My goal is to add a set of starting tokens to a pre-trained AlbertTokenizerFast.

In the Albert Pre-Trained Vocab (SentencePiece Model), all start tokens are preceded with the meta-symbol: ▁ (e.g. ▁hamburger).

I tried adding tokens, prefixed with the meta symbol:

new_tokens = [AddedToken("▁hamburger",), AddedToken("▁pizza")]
num_added_tokens = tokenizer.add_tokens(new_tokens)

However, as this forum post shows, input text to AddedToken is treated literally; so manually adding the meta-symbol prefixes doesn’t achieve the desired effect.

Instead, I tried using the single_word parameter:

new_tokens = [AddedToken("hamburger", single_word=True, lstrip=True), AddedToken("pizza", single_word=True, lstrip=True)]
num_added_tokens = tokenizer.add_tokens(new_tokens)

This solution successfully encodes the new tokens where hamburger is being encoded by token 30001:

tokenizer('This hamburger tastes great') 
>> [2, 15, 30001, 53, 8, 345,3]

However, when I try to decode these ids, no space appears between “this” and “hamburger”:

tokenizer.decode([2, 15, 30001, 53, 8, 345,3]) 
>> ('Thishamburger tastes great')

I was wondering if anybody had any thoughts about how to fix this.

Does the same occur when setting lstrip=False when defining the new tokens?

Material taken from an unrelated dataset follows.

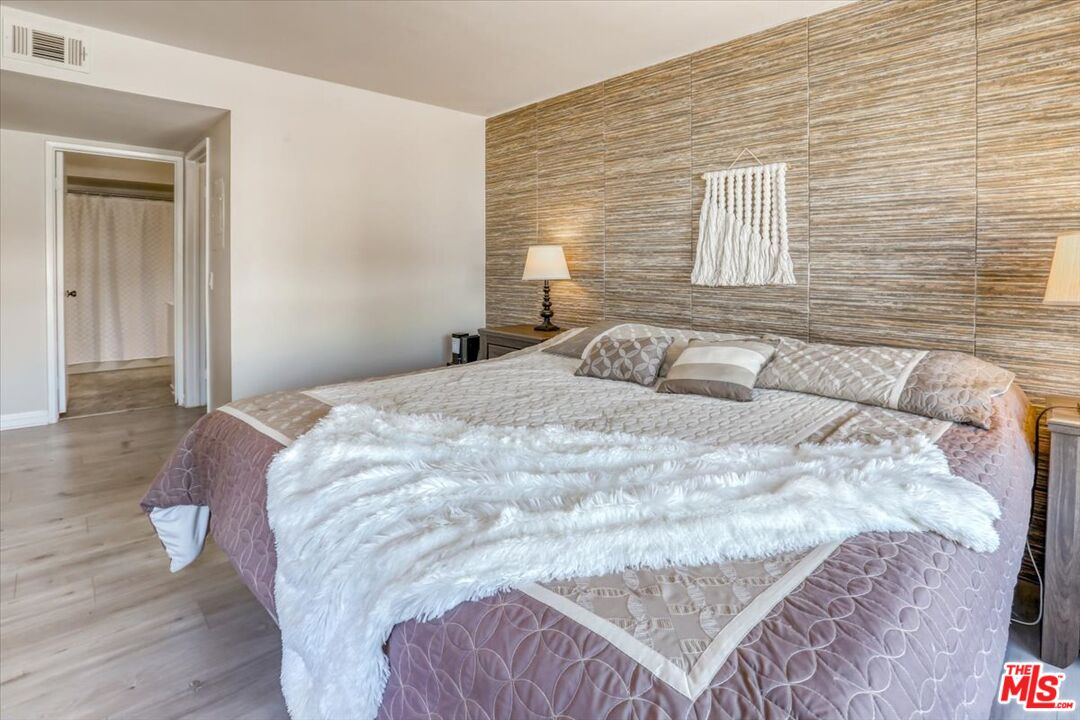 1760 Sinaloa Road, Unit 268 Simi Valley, CA 93065 - Photo 16 of 21 a bedroom with a bed and a window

Thank you for the response!

Yup, if I set lstrip=False, I see the same behavior:

tokenizer('This hamburger tastes great') 
>> [2, 15, 30001, 53, 8, 345,3]
tokenizer.decode([2, 15, 30001, 53, 8, 345,3]) 
>> ('Thishamburger tastes great')

Digging through the code, my hypothesis is:

  • The pre-tokenizer replaces the meta-symbol with a space character, when applied to raw text.
  • The decoder reverses the effects of the pre-tokenizer.
  • When the decoder sees a token with a meta-symbol; it inserts a space (for correct viewing)
  • Since the AddedTokens don’t go through the same pipeline (i.e. no metasymbol is added); I’m not sure if the pre-tokenizer is applied / if decoding works as expected.

Any thoughts on what could be going wrong? Or how one might approach this?